• **Problem to solve**
Beginning with the line that includes "SILLA PLEGABLE CAMPING" and ending with the last line, print the records exactly, leaving every picture out.

• **Dataset records**
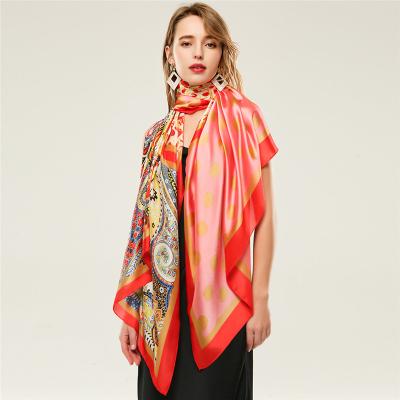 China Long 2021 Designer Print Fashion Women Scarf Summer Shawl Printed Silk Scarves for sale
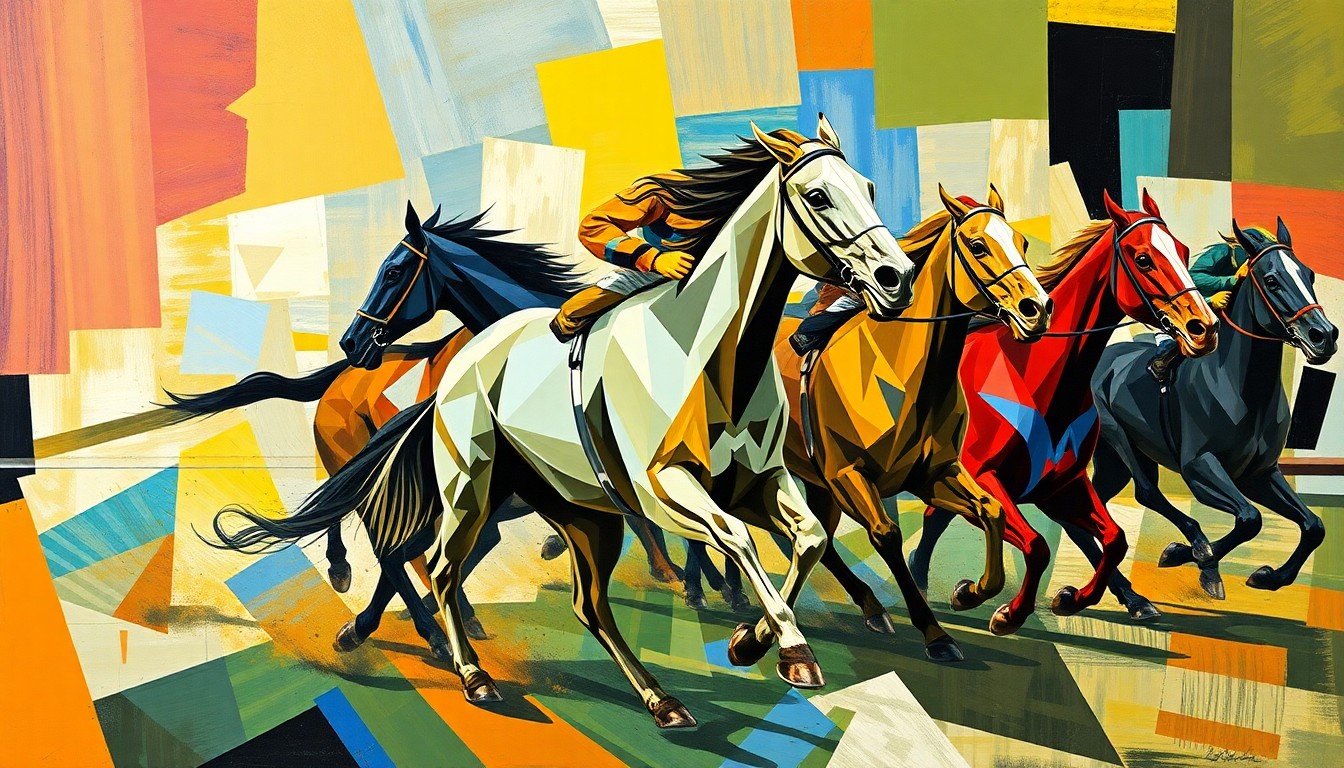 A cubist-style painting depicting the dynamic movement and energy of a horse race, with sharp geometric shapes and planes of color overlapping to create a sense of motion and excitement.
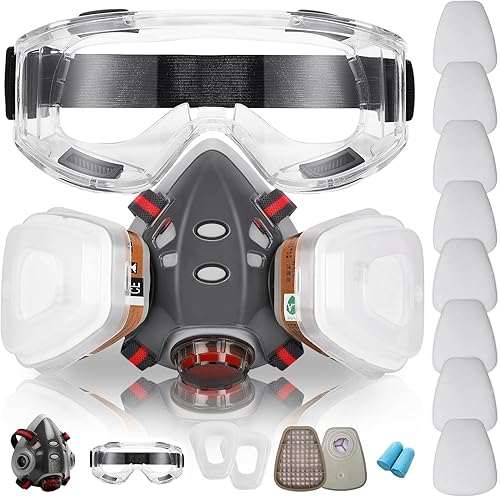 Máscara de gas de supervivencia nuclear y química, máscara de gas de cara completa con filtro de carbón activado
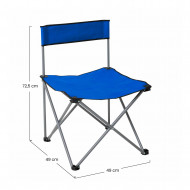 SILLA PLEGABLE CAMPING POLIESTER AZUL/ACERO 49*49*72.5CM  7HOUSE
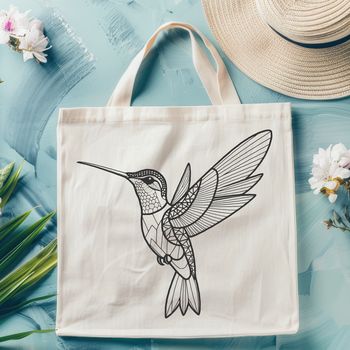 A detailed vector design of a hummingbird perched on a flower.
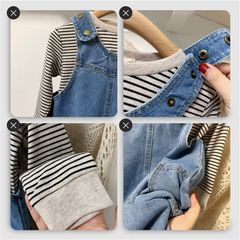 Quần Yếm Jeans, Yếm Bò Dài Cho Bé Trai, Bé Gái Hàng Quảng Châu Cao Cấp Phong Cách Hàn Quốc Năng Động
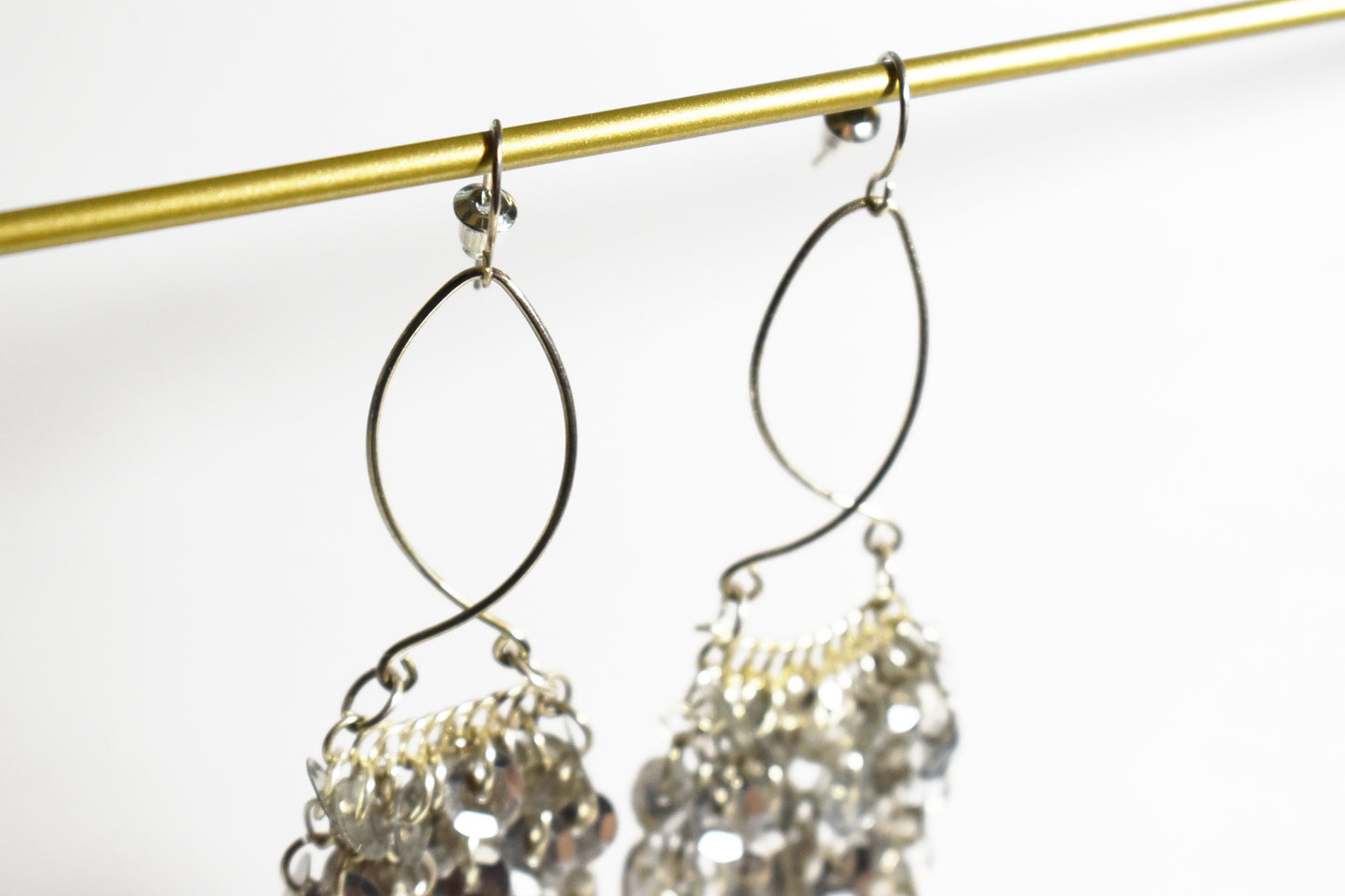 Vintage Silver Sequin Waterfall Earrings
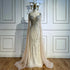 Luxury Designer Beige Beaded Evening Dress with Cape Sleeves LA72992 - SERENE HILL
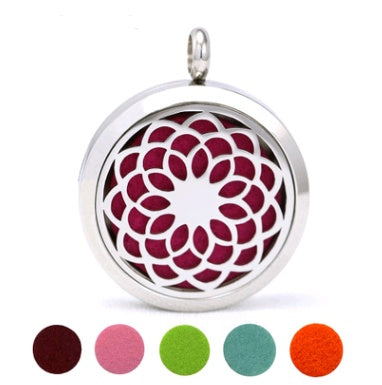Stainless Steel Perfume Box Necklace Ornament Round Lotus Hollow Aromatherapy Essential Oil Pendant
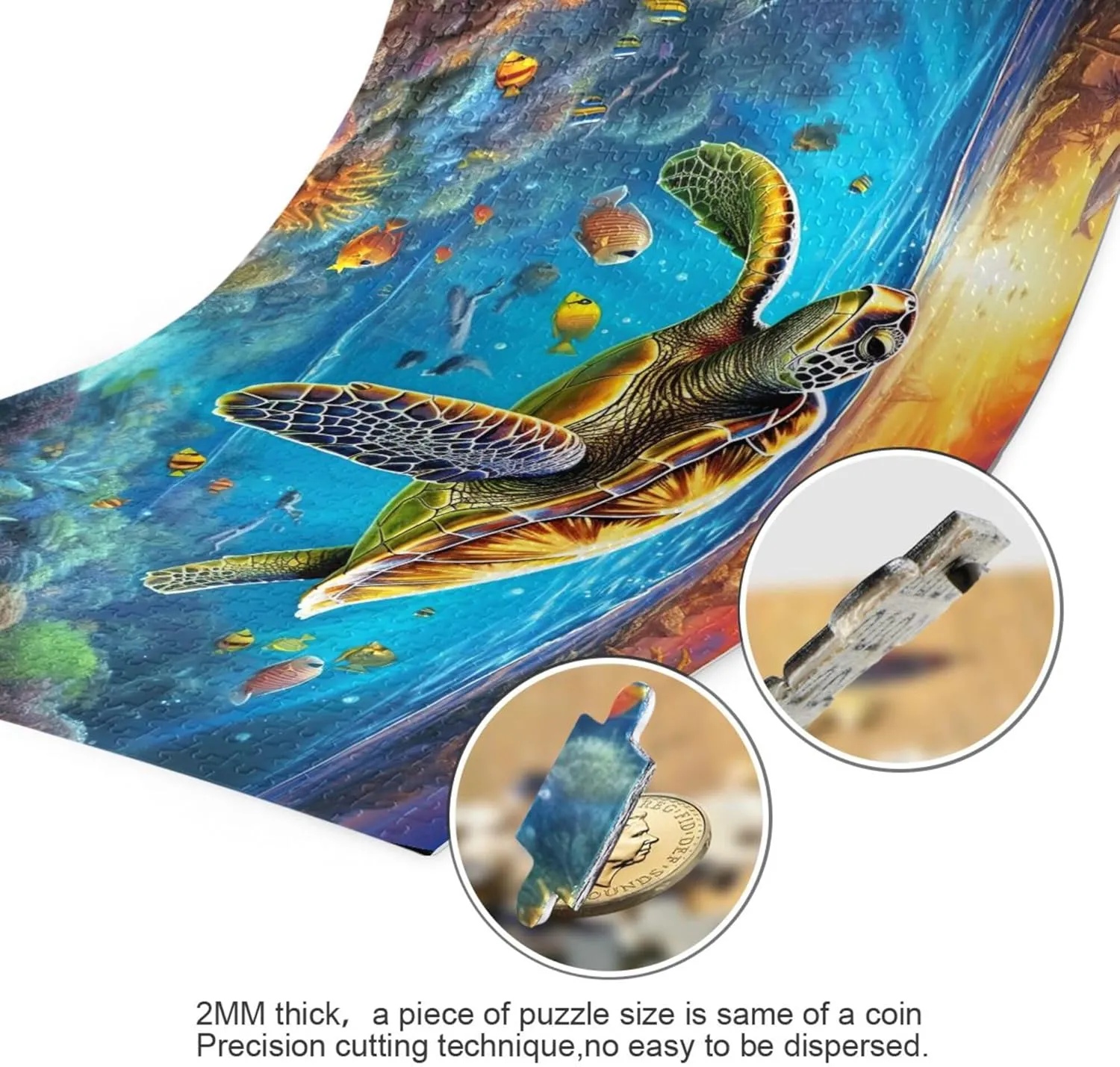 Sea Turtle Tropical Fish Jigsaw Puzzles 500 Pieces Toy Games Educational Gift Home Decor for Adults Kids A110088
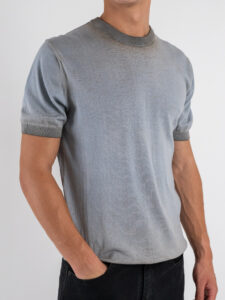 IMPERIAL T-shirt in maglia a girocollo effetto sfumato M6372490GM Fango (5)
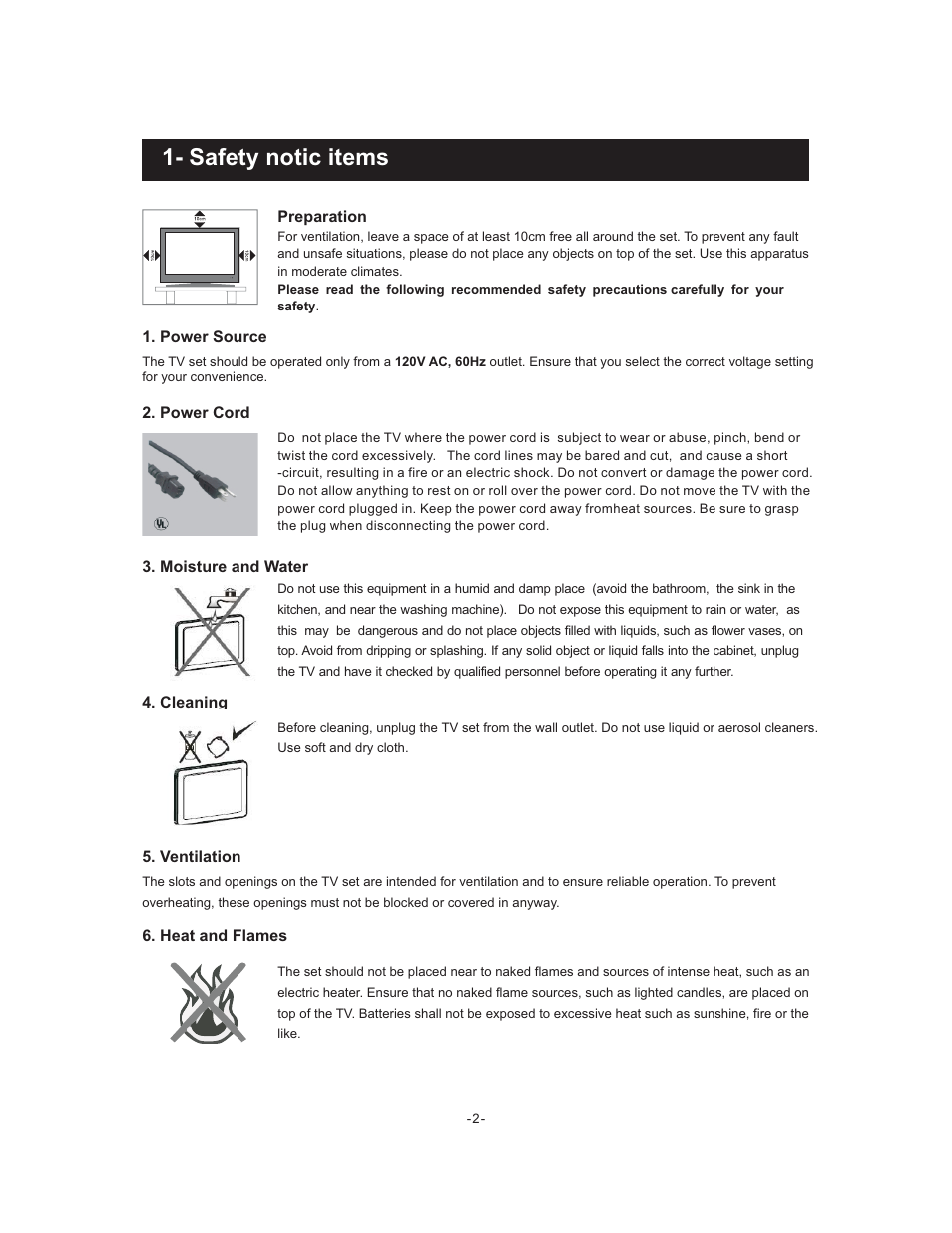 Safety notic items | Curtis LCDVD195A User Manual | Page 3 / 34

• **Solution for this problem**
 SILLA PLEGABLE CAMPING POLIESTER AZUL/ACERO 49*49*72.5CM  7HOUSE
 A detailed vector design of a hummingbird perched on a flower.
 Quần Yếm Jeans, Yếm Bò Dài Cho Bé Trai, Bé Gái Hàng Quảng Châu Cao Cấp Phong Cách Hàn Quốc Năng Động
 Vintage Silver Sequin Waterfall Earrings
 Luxury Designer Beige Beaded Evening Dress with Cape Sleeves LA72992 - SERENE HILL
Stainless Steel Perfume Box Necklace Ornament Round Lotus Hollow Aromatherapy Essential Oil Pendant
 Sea Turtle Tropical Fish Jigsaw Puzzles 500 Pieces Toy Games Educational Gift Home Decor for Adults Kids A110088
 IMPERIAL T-shirt in maglia a girocollo effetto sfumato M6372490GM Fango (5)
 Safety notic items | Curtis LCDVD195A User Manual | Page 3 / 34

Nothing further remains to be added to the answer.